## Records supplied
══════

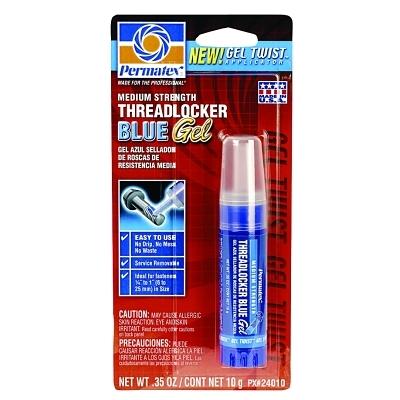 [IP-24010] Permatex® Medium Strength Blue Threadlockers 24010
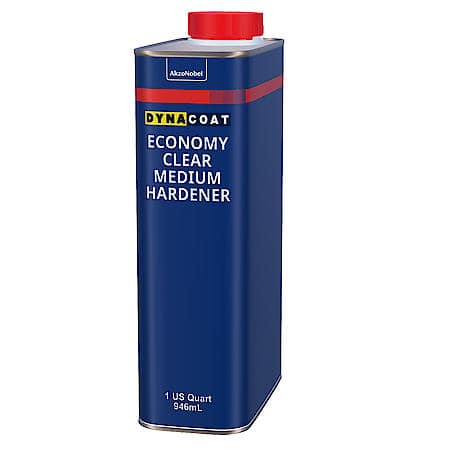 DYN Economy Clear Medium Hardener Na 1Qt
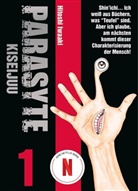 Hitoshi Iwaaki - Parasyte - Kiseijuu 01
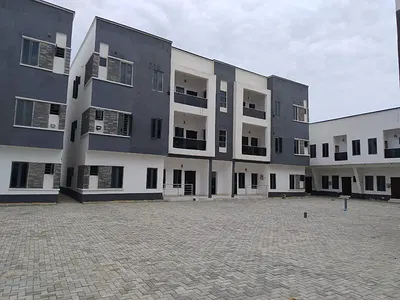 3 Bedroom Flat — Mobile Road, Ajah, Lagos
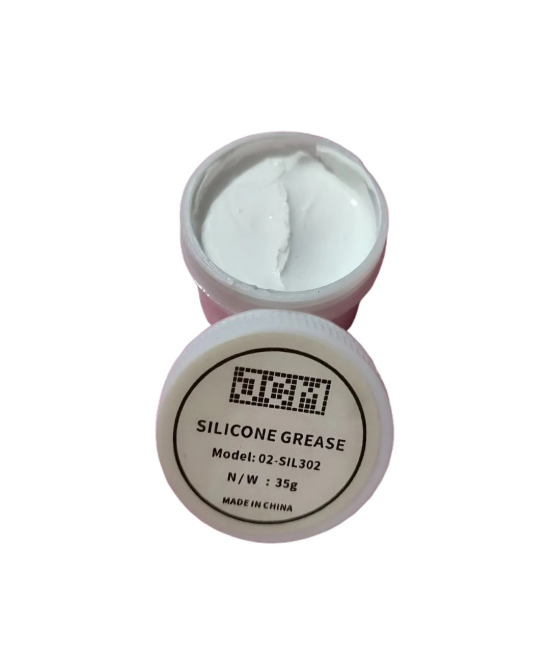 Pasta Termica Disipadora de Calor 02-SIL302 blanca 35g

══════

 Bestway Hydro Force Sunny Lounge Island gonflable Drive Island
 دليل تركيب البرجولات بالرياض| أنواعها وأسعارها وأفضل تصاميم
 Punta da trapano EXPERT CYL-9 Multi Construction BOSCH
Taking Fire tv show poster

══════

## Task directions
Retype, exactly and in full, the lines above from the one containing "دليل تركيب البرجولات" through the one containing "Taking Fire tv show poster".

## Problem solution
 دليل تركيب البرجولات بالرياض| أنواعها وأسعارها وأفضل تصاميم
 Punta da trapano EXPERT CYL-9 Multi Construction BOSCH
Taking Fire tv show poster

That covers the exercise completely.